A seguir, os principais pontos da entrevista ao Valor:

Valor: John Kerry disse que vai ao Brasil no início de fevereiro. Qual será a agenda de discussões dele com o governo?

Marina Silva: Ele disse que vai logo no início do mês, no dia 2 e 3. Os Estados Unidos são um parceiro estratégico para o Brasil. Vamos buscar uma agenda de cooperação em bioeconomia, ciência, tecnologia e inovação e eles estão avaliando fazer um aporte no Fundo Amazônia. Também vamos discutir uma iniciativa que envolve floresta e clima. Então, será uma agenda que vai fazer cooperação entre Brasil e Estados Unidos de uma forma mais concreta, inclusive discutir infraestrutura para o desenvolvimento sustentável porque temos interesse na parceria tecnológica na questão da produção de hidrogênio verde.

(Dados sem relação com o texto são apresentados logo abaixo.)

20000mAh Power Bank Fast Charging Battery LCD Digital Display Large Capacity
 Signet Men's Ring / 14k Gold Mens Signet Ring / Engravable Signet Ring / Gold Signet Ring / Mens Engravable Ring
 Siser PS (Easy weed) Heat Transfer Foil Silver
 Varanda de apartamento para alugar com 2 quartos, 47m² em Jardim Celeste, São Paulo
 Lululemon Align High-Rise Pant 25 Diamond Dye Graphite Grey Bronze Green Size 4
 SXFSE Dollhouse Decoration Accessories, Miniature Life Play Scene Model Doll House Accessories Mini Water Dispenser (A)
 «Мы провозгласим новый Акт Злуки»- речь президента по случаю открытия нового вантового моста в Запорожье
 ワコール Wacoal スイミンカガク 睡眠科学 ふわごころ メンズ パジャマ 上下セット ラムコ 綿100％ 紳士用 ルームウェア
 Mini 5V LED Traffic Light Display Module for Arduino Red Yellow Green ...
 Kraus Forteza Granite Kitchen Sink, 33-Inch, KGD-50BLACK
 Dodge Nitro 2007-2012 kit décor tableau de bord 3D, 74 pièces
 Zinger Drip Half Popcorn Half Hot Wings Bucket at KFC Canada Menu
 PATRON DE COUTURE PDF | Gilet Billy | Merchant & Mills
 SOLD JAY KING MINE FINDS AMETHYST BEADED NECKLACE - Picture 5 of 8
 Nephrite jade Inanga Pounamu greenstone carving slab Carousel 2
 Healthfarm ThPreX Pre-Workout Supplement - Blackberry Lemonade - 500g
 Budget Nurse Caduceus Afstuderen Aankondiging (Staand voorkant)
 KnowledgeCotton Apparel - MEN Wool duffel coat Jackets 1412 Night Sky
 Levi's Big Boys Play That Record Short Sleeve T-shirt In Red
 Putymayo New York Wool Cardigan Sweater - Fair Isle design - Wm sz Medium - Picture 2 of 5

Valor: A iniciativa de proteção de floresta e clima também está envolvendo outros países?

Marina: Tem uma iniciativa global de proteção de florestas que se desdobrou depois para a inclusão de outros países para ampliar o tema. No Egito [durante a COP27], o Brasil ainda estava sob a gestão do governo Jair Bolsonaro e não teve uma participação efetiva [nessa discussão]. Agora estamos nos apropriando do debate e poderemos aportar as nossas contribuições para decidirmos sobre a nossa participação. Tanto a Indonésia, como a República do Congo e o Brasil ainda não estão participando dessa iniciativa de implementação [Gana está entre os convidados]. Participei de uma reunião aqui na condição de observadora e o Brasil quer aportar uma contribuição robusta nessa iniciativa para que não seja um acordo genérico e para que a gente possa liderar um processo sobre proteção de florestas.

Valor: Como o Brasil está conduzindo essas conversas?

Marina: O Brasil está no processo de diálogo nessa iniciativa, mas há uma resistência por parte da Indonésia. O Congo também está avaliando. No caso do Brasil, estamos interessado em aprofundar nosso conhecimento e dar nossas contribuições. Estamos em conversas com Indonésia e Congo para saber que tipo de aporte nós vamos fazer.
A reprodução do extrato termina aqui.